──────── Collected data ────────

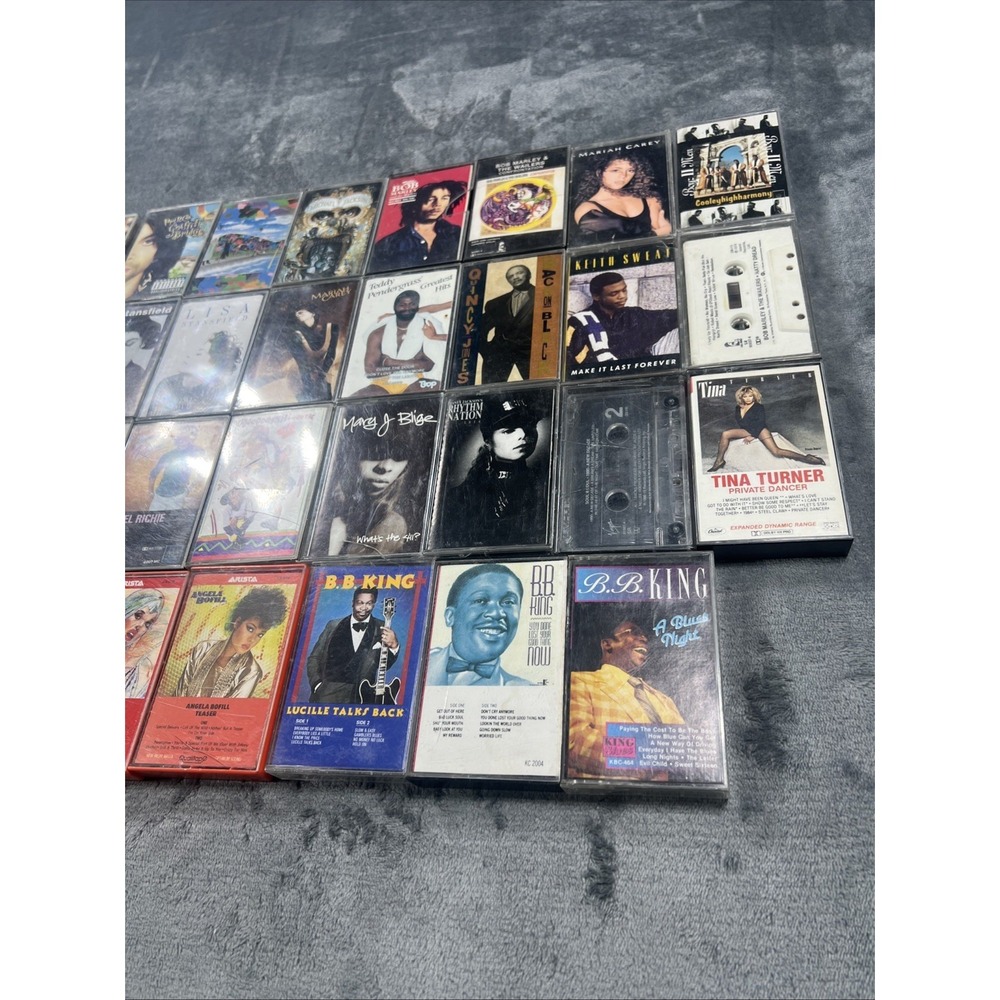 Vintage Cassette Tapes Lot of 35 Prince Micheal Jackson TLC R&B Soul 90s Music - Picture 11 of 16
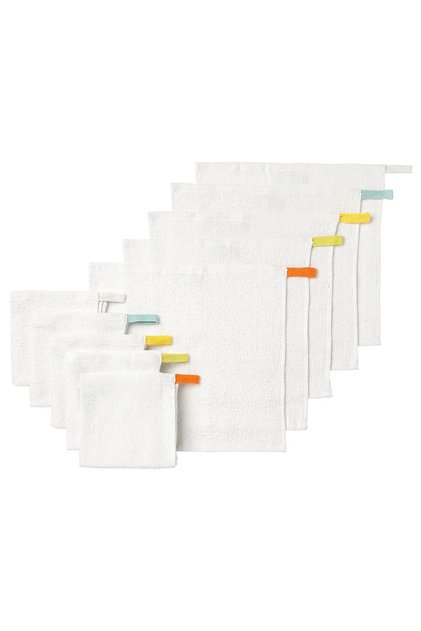 10 Pieces Baby Hand Towels 30X30 100% Cotton 000665543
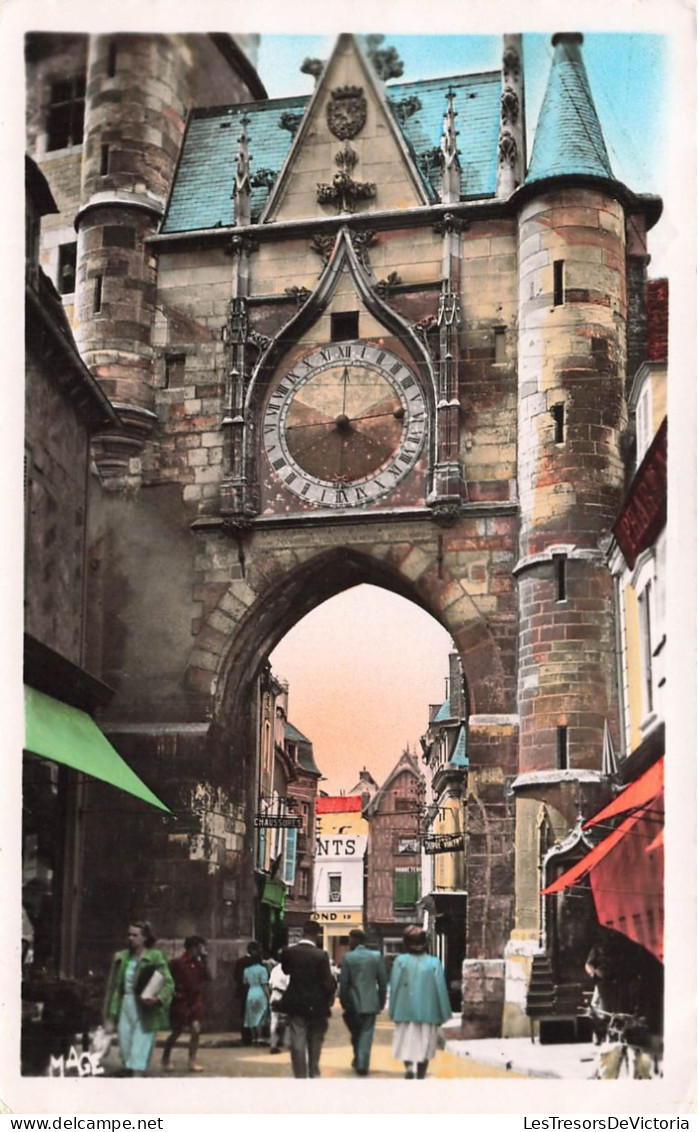 FRANCE - Auxerre - Vue Sur La Porte De L'Horloge - Le Cadran Solaire - Animé - Colorisé - Carte Postale Ancienne - Auxerre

────────

Task to complete: Would you return all of the data above word for word, omitting every picture?

Task response:
 Vintage Cassette Tapes Lot of 35 Prince Micheal Jackson TLC R&B Soul 90s Music - Picture 11 of 16
 10 Pieces Baby Hand Towels 30X30 100% Cotton 000665543
 FRANCE - Auxerre - Vue Sur La Porte De L'Horloge - Le Cadran Solaire - Animé - Colorisé - Carte Postale Ancienne - Auxerre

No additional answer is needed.